Data Poisoning: When Attackers Turn AI and ML Against You

Stopping ransomware has become a priority for many organizations. So, they are turning to artificial intelligence (AI) and machine learning (ML) as their defenses of choice. However, threat actors are also turning to AI and ML to launch their attacks. One specific type of attack, data poisoning, takes advantage of this.

Why AI and ML Are at Risk

Like any other tech, AI is a two-sided coin. AI models excel at processing lots of data and coming up with a “best guess,” says Garret Grajek, CEO of YouAttest, in an email interview.

“Hackers have used AI to attack authentication and identity validation, including voice and visualization hacking attempts,” he says. “The ‘weaponized AI’ works to derive the key for access.”

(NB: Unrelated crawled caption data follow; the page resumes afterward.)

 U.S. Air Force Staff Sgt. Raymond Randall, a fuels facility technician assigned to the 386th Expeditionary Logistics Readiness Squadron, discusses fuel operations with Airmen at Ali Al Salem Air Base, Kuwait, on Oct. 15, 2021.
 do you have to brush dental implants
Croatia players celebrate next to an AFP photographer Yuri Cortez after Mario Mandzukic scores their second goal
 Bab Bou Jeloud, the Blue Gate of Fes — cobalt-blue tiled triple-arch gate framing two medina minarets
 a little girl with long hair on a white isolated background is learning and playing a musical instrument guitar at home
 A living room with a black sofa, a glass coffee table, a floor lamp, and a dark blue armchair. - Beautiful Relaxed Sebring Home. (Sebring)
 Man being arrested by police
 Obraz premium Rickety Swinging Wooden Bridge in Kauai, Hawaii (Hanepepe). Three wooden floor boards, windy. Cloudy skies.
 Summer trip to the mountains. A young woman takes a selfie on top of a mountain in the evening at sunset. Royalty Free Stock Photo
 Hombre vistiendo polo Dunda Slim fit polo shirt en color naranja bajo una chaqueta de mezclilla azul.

“Adversarial data poisoning is an effective attack against machine learning and threatens model integrity by introducing poisoned data into the training dataset,” researchers from Cornell University explain.

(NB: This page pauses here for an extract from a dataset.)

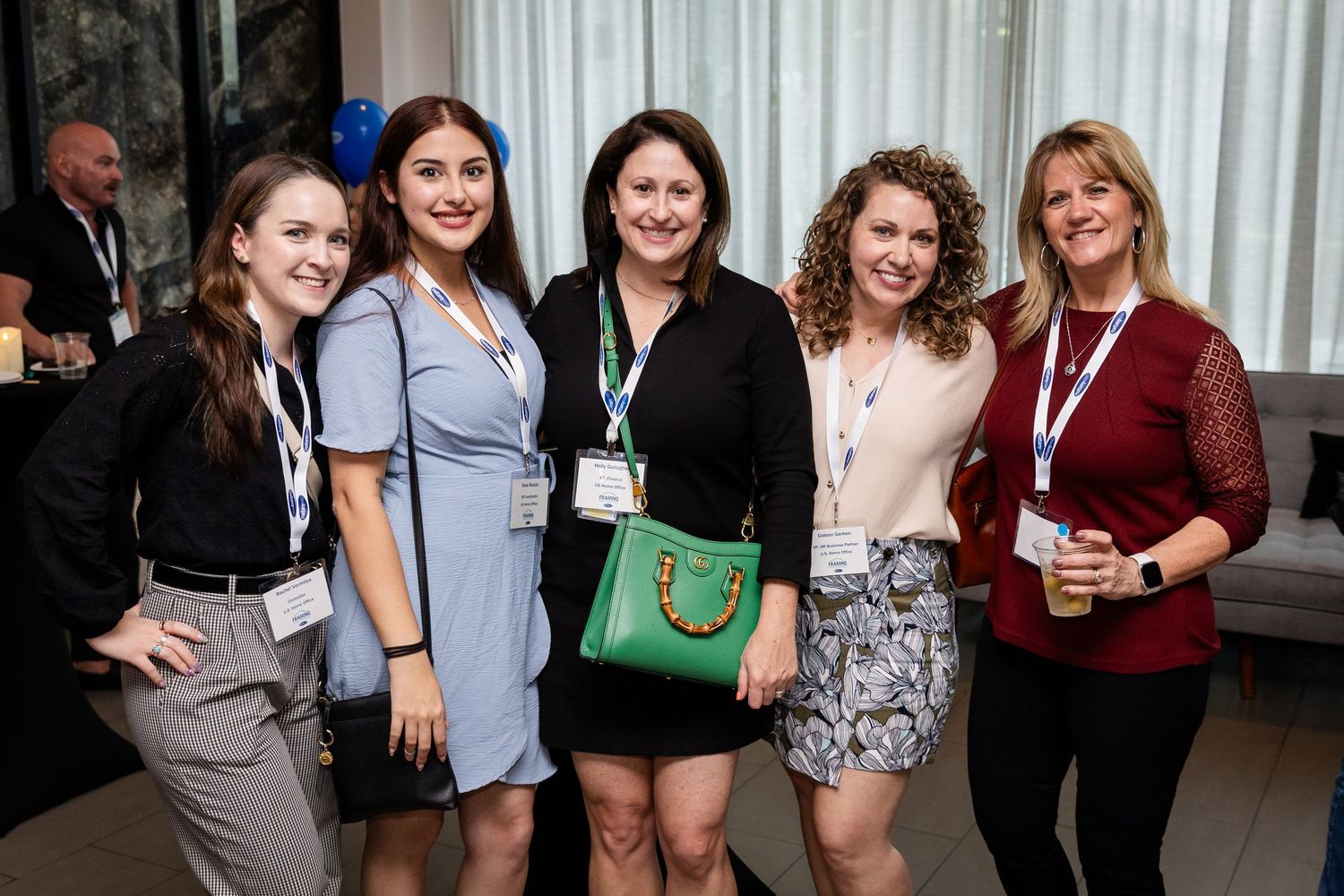 Five women smiling together at a professional networking event, wearing lanyards and name badges indoors.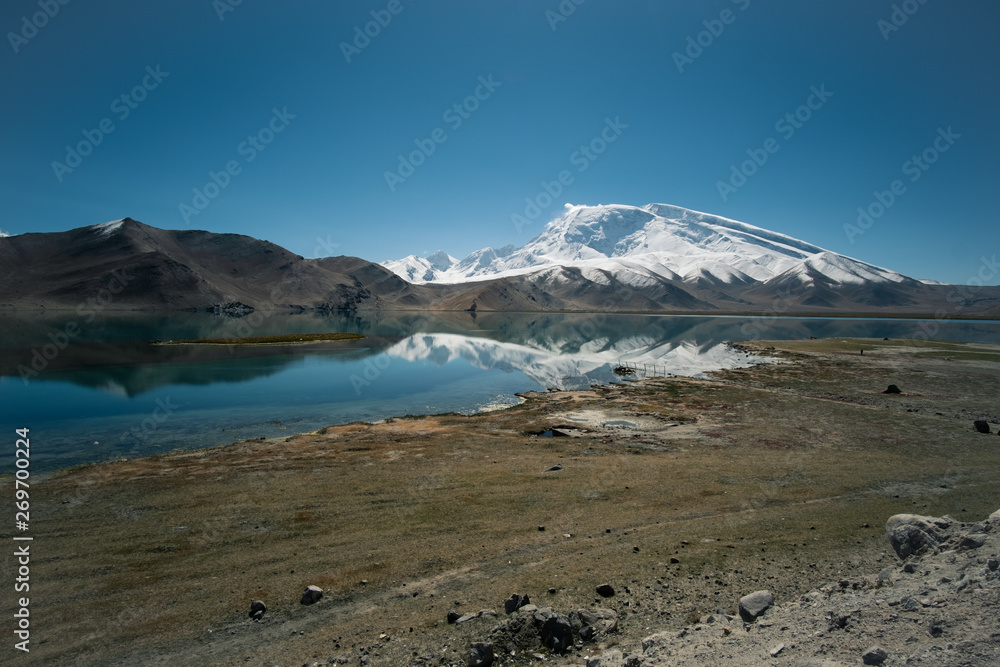 Landscape view of Karakul, Iconic mountain mirror with steady lake at Xinjiang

What makes attacks through AI and ML different from typical ‘bug in the system’ attacks? There are inherent limits and weaknesses in the algorithms that can’t be fixed, says Marcus Comiter in a paper for Harvard University’s Belfer Center for Science and International Affairs.

“AI attacks fundamentally expand the set of entities that can be used to execute cyberattacks,” Comiter adds. “For the first time, physical objects can be now used for cyberattacks. Data can also be weaponized in new ways using these attacks, requiring changes in the way data is collected, stored, and used.”

Human Error

To better understand how threat actors use AI and ML as an attack vector for data poisoning and other attacks, we need to have a clearer picture of the role they play in protecting data and networks.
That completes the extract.